Quantitative Methods. This course aims to deepen students’ knowledge in the mathematical and probability theory used in modern finance. It covers a wide range of topics in the fields of Measure Theory (measure spaces, Lebesgue Integral), Probability Theory (probability space, conditional expectation, convergence of random variables, laws of large numbers, central limit theorems), Stochastic Processes (martingales, convergence of stochastic processes, functional central limit theorem, Brownian motion), and Stochastic Calculus (stochastic integral, Ito’s formula, stochastic differential equations).

Econometrics. This course teaches the theory of the Linear Regression Model (least squares, vector autoregressive models, linear models with a unit root, cointegration) as well as topics such as Rational Expectations. Emphasis is placed on rigorous mathematical proofs, using matrix algebra. As a result, the students become proficient in matrix algebra, the Theory of Difference Equations and their application in econometrics.

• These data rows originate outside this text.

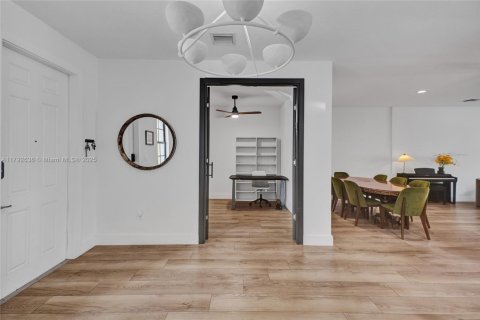 Casa en venta en Miami, Florida, 3 dormitorios, 179.86 m2 № 1699559 - foto 23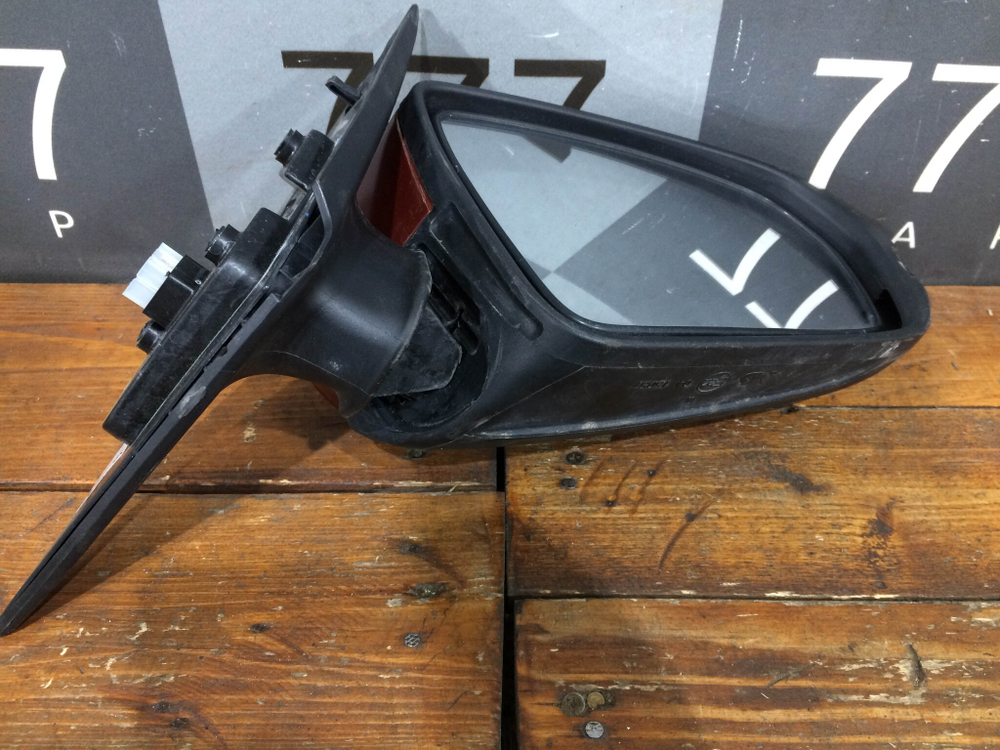 Зеркало правое 6 Pin LADA Vesta 15-нв Б/У Оригинал 8450031702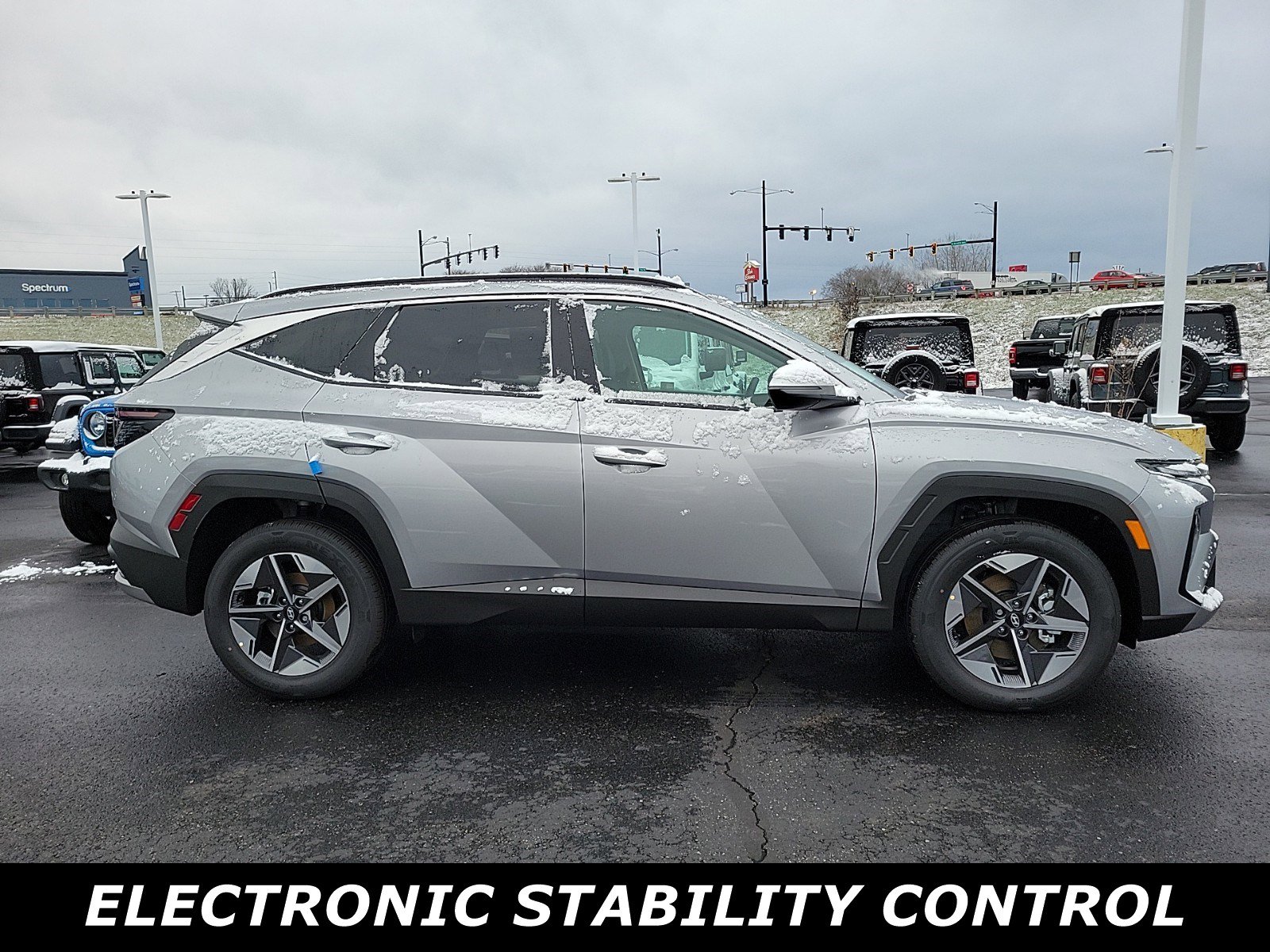 2025 Hyundai Tucson Hybrid SEL Convenience photo 2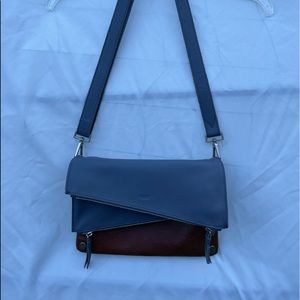 Hammett Dillon Medium Crossbody Bag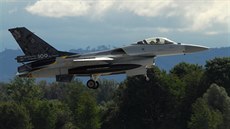 Letoun F-16 belgického letectva na Dnech NATO v Ostrav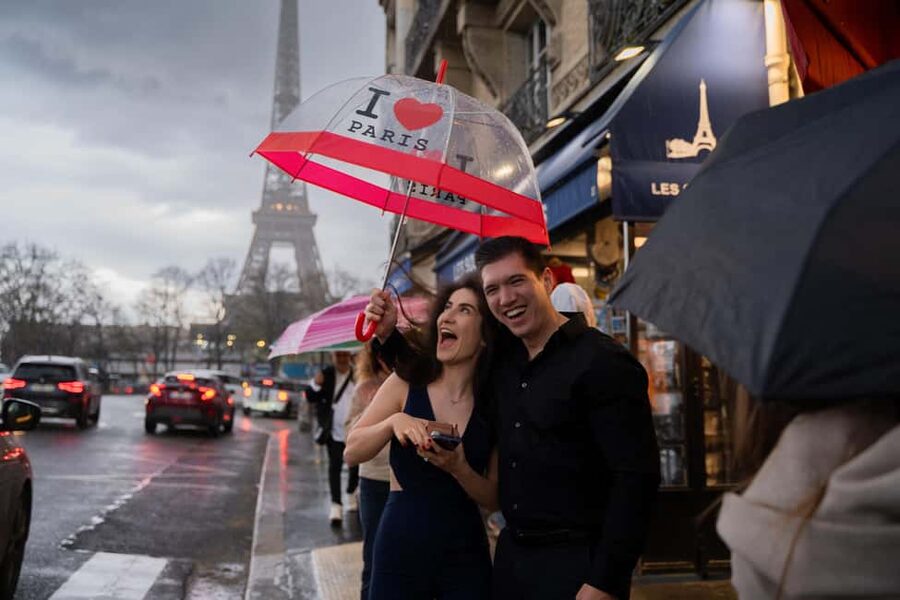 Paris: Eiffel Tower Premium Photoshoot - Practical value compared with taking your own photos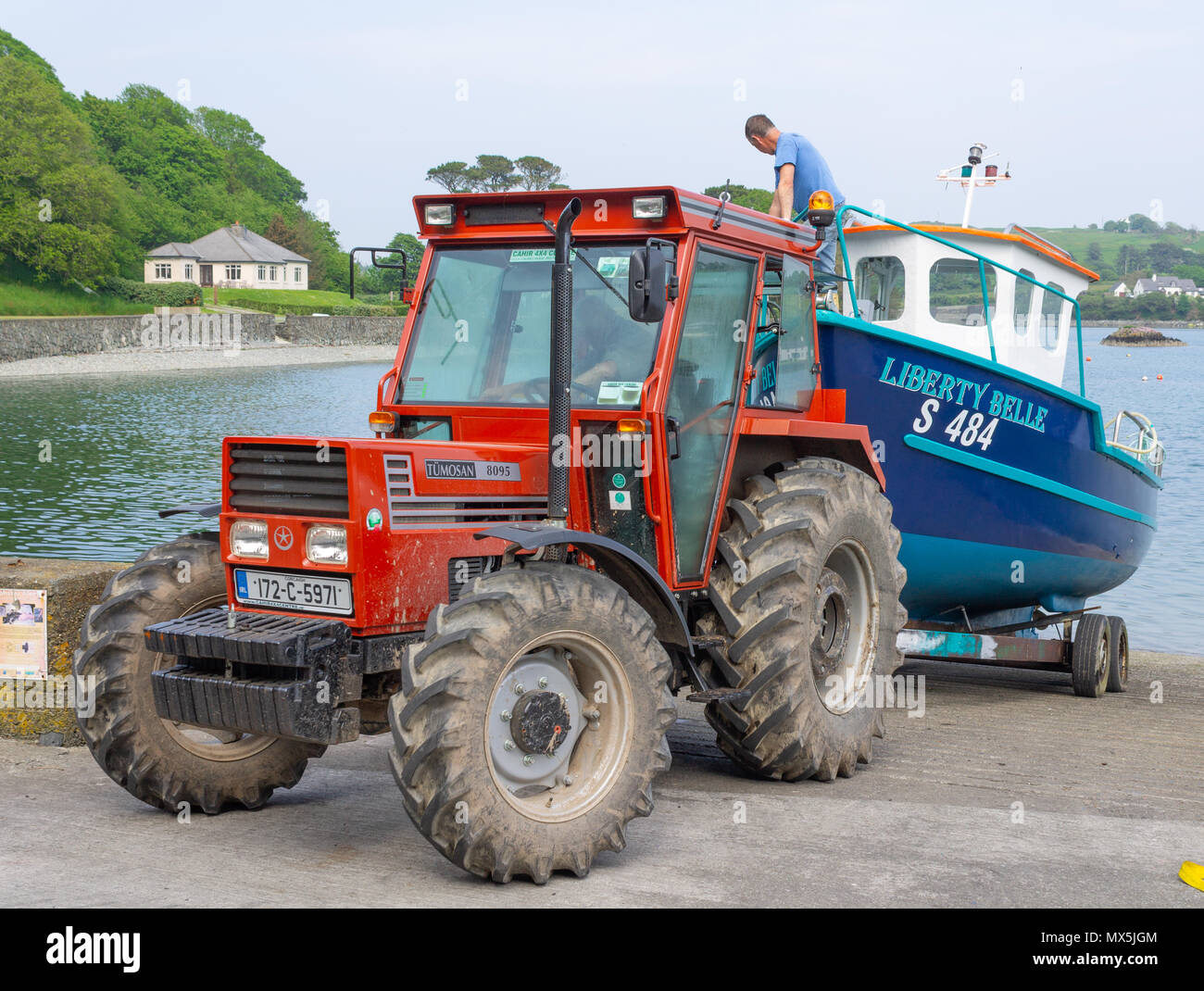 Bateau de pêche belle liberté d'être lancé sur castletownshend cale après un hiver sortir à repeindre. L'Irlande. Banque D'Images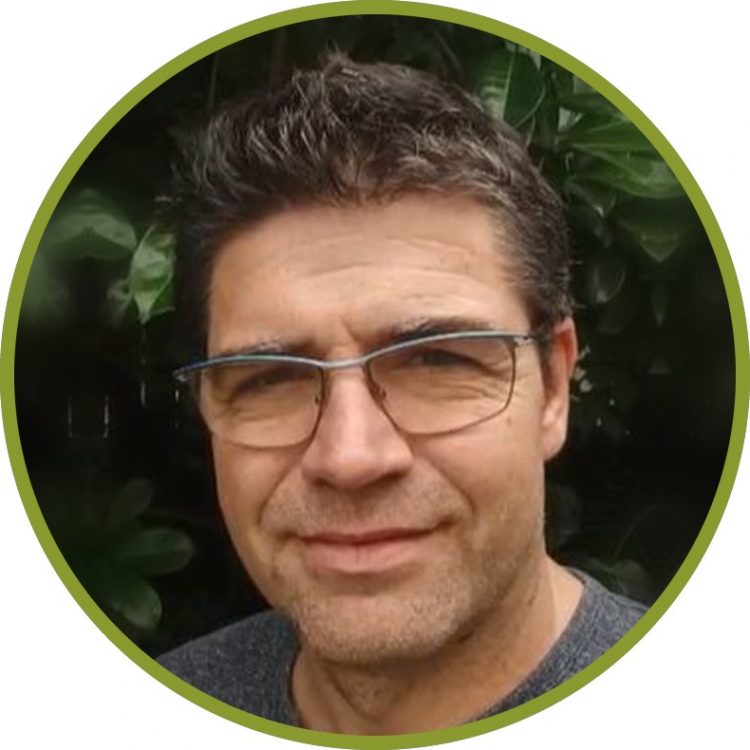 “Millones de animales, bovinos, pollos, cerdos… tratados con CDS y ningún animal ha muerto”, plantea el agrónomo Roger Rabés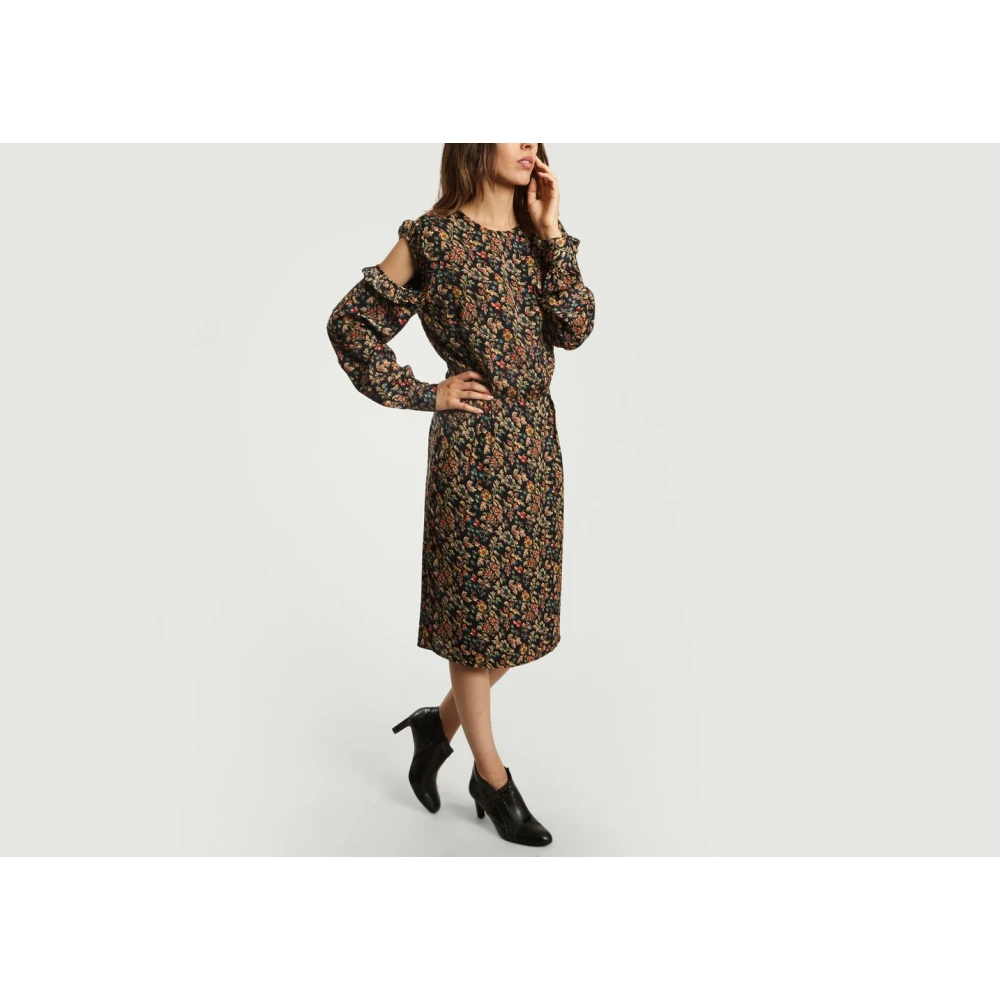 Essentiel Antwerp Zwarte Bloemen Midi Jurk met Peek-a-boo Schouders Black Dames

Financial Theory I – Asset Pricing Theory. This course aims at providing a deep understanding of the pricing of stocks and other financial assets. To this end, it covers the theory of asset pricing and the related empirical literature. It places special emphasis on the presentation of a coherent theoretical framework which encompasses all asset pricing models as special cases. Additionally, the course examines the linkages between the asset pricing models and portfolio selection.

Time Series Analysis. This course presents the basic types of time series that are used in finance: Autoregressive, Moving average, ARMA, ARCH, GARCH models; and their vector equivalents, VAR, VARMA. It also covers state-space models and Kalman filtering.

Financial Theory II – Corporate Finance. This course analyzes the main parameters of investment and financing decisions of firms. Specifically, it covers capital budgeting, the Modigliani – Miller theorem and its extensions, capital structure under asymmetric information, dividend policy and stock repurchases, plus mergers and acquisitions.

Financial Theory ΙΙΙ – Continuous Time Finance. Brief review of Stochastic Calculus: integration with respect to continuous martingales, Ito’s change of variable formula, Girsanov theorem, stochastic differential equations, and diffusion processes. Dynamic Stochastic Control: introduction to finite horizon control problems, the method of dynamic programming, the Hamilton-Jacobi-Bellman pde, Merton’s problem, and the convex duality approach. Continuous-time stochastic models for asset-prices: notions of trading strategies, arbitrage opportunities, contingent claims, hedging and pricing, the Fundamental Theorem (equivalence between the absence of arbitrage opportunities and the existence of equivalent martingale measures), complete and incomplete markets, fair price as an expectation under the equivalent martingale measure and as the solution to a pde, and the example of the Black-Scholes formula.

Special Topics in Finance Ι. This course is adapted to the needs and interests of each incoming doctoral class. In the past, it covered topics such as financial intermediation theory, the economics of financial system regulation and topics in econometrics and international finance.